The Long View 2006-02-02: Happy Groundhog Day!
I've been a fan of Dr. Ed Peters' canon law page for a long time. I no longer remember whether I first came across it through John Reilly, but I follow it to this day.
Happy Groundhog Day!
Evil-Minded People persist in sending me great blasphemies against Kant's transcendentally ideal doctrine of Perpetual Peace, otherwise known as the Democratic Peace. One of these misbelievers, a person with imperial pretensions, made bold to send a link to this page, which lists the alleged exceptions to the hypothesis that democracies do not go to war against each other. There are even infidel statistics.
As we know, this argument comes down to "what's a democracy?" and "what's a war?" It is possible to define democracy in such a refined sense that no two democracies could ever go to war because no such ineffable regime could ever exit.
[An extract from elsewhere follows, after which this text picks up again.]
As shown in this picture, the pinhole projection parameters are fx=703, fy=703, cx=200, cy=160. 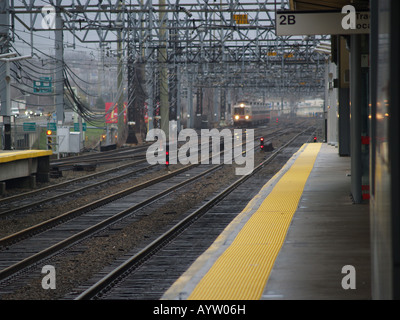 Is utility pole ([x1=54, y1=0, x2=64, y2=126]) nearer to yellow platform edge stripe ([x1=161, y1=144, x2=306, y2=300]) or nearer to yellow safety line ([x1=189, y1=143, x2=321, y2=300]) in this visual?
yellow safety line ([x1=189, y1=143, x2=321, y2=300])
Conversely, every state in which a new god-emperor is traditionally hailed by a "laus" from the rabble in the palace square might be called a democracy in some sense.
I think, though, that there are only two really plausible exceptions to the Democratic Peace. The first is categorical. It applies to the whole of antiquity, whose small city states were as democratic as pirate ships and of a similar mind about acquiring the goods of their neighbors. (The same principle, of course, applies to the medieval and Renaissance Italian republics.). The other big exception is the American Civil War. One might argue that the conflict was a civil disorder, and not a war in the proper sense. The problem is that the logic of the Democratic Peace, that transparent and responsible government will use violence only in self-defense, ought also to apply to disorders that occur between hostile centers of domestic power.
Aside from that, though, the theory is fine. Just fine.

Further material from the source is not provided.